Abri Group Limited (202015303)
REPORT
COMPLAINT 202015303
Abri Group Limited
3 February 2023
Our approach
The Housing Ombudsman’s approach to investigating and determining complaints is to decide what is fair in all the circumstances of the case. This is set out in the Housing Act 1996 and the Housing Ombudsman Scheme (the Scheme). The Ombudsman considers the evidence and looks to see if there has been any ‘maladministration’, for example whether the landlord has failed to keep to the law, followed proper procedure, followed good practice or behaved in a reasonable and competent manner.
Both the resident and the landlord have submitted information to the Ombudsman and this has been carefully considered. Their accounts of what has happened are summarised below. This report is not an exhaustive description of all the events that have occurred in relation to this case, but an outline of the key issues as a background to the investigation’s findings.
The complaint
- The complaint is about the landlord’s handling of:
- The resident’s reports of noise nuisance and her request for compensation.

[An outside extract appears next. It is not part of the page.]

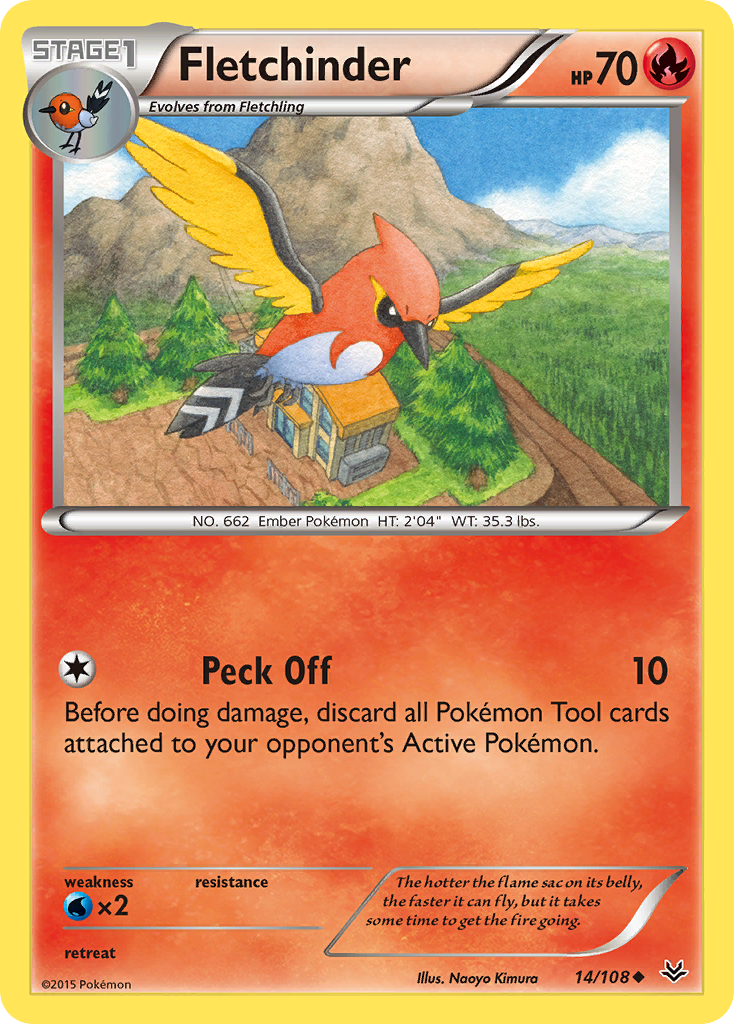Fletchinder 14/108 Roaring Skies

- The associated complaint.
Background
- The resident was an assured tenant of the landlord and lived in a first floor flat in sheltered accommodation. Both the resident and her son corresponded with this Service and the landlord regarding the complaint, however, for clarity this report will refer to them both as “the resident”.
- The resident reported noise from the flat above in 2020. The landlord subsequently sent letters to the resident’s neighbour advising her of the reports, offered mediation, installed noise monitoring equipment and offered the resident an internal property move.
- The resident raised a formal complaint about the landlord’s handling of the matter on 22 February 2021, stating that the noise issues from the flat above were ongoing and the landlord’s attempts to resolve the issue had been unsuccessful. She requested to be moved until a satisfactory solution, such as installing soundproofing or carpet underlay, had been implemented. She did not think she should have to move out of the property at her own expense due to the issues with noise nuisance.
- The resident relinquished her tenancy in early January 2022, citing ongoing noise from the neighbour.
- In the landlord’s final response on 22 July 2022, it determined that it had assessed all possible actions to resolve the issues with noise nuisance and support the resident, such as offering property moves, which the resident had declined, and it had made a referral to mediation. It stated it had been unable to gain evidence that the noise was excessive, and it had considered soundproofing, but had not deemed it to be appropriate. It acknowledged complaint handling failures as it had not provided significant detail of the actions it had taken in its 2021 stage one response, and it had failed to escalate the complaint when the resident remained dissatisfied following this. It offered £150 compensation due to its complaint handling failures and outlined the measures it had taken to improve its service.
- In the resident’s complaint to this Service, she said that the landlord had confirmed the noise was excessive when it installed sound monitoring equipment, but it had not taken any action to resolve it. She said she had moved due to the stress caused by the issue, and she wanted compensation for the cost of moving.
Assessment and findings
Scope of investigation
- The resident raised an additional complaint to the landlord regarding her request for compensation for white goods, due to moving from the property following the noise nuisance reports. The resident initially referred the issue to this Service as part of her complaint; however, she has subsequently confirmed that she only considers the issues defined above to be outstanding and that the other issues of the complaint have been resolved. Accordingly, this investigation has focussed on and assessed the circumstances of the issues that remain outstanding.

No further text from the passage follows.